# Photography background...



## Iain Sutherland (24 May 2012)

Can someone point me in the right direction as to where to buy blue fade to White background used when taking pictures? 
Thanks


----------



## Mark Evans (24 May 2012)

Get on printed.

create a PSD file, take it to your local printer (a good one) and get them to print it. On matte paper NOT GLOSS! you'll get horrid reflections, and odd bright spots of light with gloss finish.


----------



## Iain Sutherland (24 May 2012)

thanks mark, i shall do this as soon as i figure out how to make the file


----------



## Gill (25 May 2012)

I also find that some of the Hard Backing Board from the range is good. I am using a matt blue one on mine at the moment.


----------



## Ian Holdich (25 May 2012)

Staples also do a good range of coloured matt board.


----------



## clonitza (25 May 2012)

I'm saving for a PVC background, 315 or 316 not sure yet.
http://www.colorama-photo.com/colorgrad-swatches.php


----------



## Ady34 (25 May 2012)

Take a picture of the sky and get that blown up...... glorious blue sky at the moment, would look very natural!


----------



## Mark Evans (25 May 2012)

creat a new file in photoshop as big as youd like the background to be. 

click on the gradient tool (its where the paintbucket tool is. click and hold to bring up gradient. 

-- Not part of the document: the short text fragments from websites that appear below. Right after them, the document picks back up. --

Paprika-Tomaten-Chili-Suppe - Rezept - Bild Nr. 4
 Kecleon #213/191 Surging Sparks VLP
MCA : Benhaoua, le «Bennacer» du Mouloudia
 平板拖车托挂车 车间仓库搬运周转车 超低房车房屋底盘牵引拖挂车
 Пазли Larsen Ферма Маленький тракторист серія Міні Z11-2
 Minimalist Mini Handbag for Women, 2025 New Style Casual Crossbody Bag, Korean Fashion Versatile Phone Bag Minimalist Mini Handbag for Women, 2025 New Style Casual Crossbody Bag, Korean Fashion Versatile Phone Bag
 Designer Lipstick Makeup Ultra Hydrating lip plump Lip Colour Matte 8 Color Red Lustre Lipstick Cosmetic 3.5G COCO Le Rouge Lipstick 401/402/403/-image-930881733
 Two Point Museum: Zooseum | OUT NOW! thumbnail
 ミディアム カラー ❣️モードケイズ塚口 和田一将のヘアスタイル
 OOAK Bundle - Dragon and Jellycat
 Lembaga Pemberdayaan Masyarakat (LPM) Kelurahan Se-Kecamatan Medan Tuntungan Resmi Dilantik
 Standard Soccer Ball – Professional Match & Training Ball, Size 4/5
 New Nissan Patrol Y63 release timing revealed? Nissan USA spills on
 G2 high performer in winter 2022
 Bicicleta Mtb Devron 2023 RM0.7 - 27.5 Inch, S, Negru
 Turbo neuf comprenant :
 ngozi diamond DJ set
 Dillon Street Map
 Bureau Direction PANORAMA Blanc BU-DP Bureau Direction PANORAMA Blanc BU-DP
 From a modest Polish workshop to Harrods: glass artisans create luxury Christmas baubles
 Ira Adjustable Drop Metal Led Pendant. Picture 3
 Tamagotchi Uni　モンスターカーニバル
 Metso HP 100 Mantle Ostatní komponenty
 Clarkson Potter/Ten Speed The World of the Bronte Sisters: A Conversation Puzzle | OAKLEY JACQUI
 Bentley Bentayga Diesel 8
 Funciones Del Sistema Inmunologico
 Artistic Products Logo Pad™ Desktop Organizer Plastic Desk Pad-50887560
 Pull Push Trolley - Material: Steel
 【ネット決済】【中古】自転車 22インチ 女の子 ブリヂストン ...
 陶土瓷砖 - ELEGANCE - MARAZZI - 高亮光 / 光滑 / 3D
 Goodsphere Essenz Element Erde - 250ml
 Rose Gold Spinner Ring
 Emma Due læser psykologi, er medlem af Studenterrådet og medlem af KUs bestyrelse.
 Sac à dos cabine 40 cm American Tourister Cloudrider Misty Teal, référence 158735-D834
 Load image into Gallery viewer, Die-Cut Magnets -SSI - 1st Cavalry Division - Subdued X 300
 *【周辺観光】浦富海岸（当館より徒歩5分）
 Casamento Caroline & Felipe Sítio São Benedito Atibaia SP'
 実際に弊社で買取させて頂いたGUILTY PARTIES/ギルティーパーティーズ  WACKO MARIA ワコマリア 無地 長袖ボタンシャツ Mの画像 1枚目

top left is the colour. pick a light blue.

Next to colour (top left) theres a choice of gradient styles.(5 in total) pick linear.

Then on your new canvas, get the mouse and start at the top of the canvas, click and hold and pull down across the screen, then let go.

experiment for different effects etc.

Save as a PSD, TIFF or JPEG, depending on what your printers decide to use. 

print in matt, and not gloss.
A word of wisdom, always get it printed bigger than the tank actually is, with wide angle lenses, the show more of the sides, so if your background isnt big enough, you'll see the wall.


----------



## Iain Sutherland (25 May 2012)

Ady34 said:
			
		

> Take a picture of the sky and get that blown up...... glorious blue sky at the moment, would look very natural!



Now that is a cool idea.... i wonder....
cheers ady

thanks Mark, that will make it a lot easier, will get on it asap.
hope the recovery is going well mate, we are all eager to see what happens to the 120....


----------